**WORK ITEM:** Word for word, transcribe the data below from the line with "2019 Chrysler Pacifica" to the line with "tang dynasty ceramics tricolor sancai", keeping both of those lines.

(Items from a data source)
■ ■ ■ ■ ■ ■ ■

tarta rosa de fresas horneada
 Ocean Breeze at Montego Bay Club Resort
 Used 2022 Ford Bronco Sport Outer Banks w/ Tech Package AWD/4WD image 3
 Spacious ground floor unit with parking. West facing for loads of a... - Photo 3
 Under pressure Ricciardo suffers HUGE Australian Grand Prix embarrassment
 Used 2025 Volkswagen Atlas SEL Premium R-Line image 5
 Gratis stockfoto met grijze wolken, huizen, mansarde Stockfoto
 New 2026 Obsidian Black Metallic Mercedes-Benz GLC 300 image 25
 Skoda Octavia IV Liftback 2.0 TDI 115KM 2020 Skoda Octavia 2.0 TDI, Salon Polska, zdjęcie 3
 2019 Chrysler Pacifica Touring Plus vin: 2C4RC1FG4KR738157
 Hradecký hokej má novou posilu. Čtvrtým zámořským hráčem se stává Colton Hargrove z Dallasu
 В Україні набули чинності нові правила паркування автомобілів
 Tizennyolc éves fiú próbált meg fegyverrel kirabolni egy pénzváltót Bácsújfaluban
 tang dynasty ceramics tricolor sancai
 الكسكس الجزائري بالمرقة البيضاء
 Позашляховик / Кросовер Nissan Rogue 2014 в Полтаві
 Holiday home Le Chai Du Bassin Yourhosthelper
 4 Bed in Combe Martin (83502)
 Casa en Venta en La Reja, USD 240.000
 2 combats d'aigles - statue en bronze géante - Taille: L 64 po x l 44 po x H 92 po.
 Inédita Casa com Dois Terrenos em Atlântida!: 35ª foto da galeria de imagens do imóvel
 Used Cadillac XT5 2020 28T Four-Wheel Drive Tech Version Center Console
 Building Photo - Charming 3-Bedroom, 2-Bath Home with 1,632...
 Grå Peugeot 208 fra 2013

■ ■ ■ ■ ■ ■ ■

**EXERCISE ANSWER:**
 2019 Chrysler Pacifica Touring Plus vin: 2C4RC1FG4KR738157
 Hradecký hokej má novou posilu. Čtvrtým zámořským hráčem se stává Colton Hargrove z Dallasu
 В Україні набули чинності нові правила паркування автомобілів
 Tizennyolc éves fiú próbált meg fegyverrel kirabolni egy pénzváltót Bácsújfaluban
 tang dynasty ceramics tricolor sancai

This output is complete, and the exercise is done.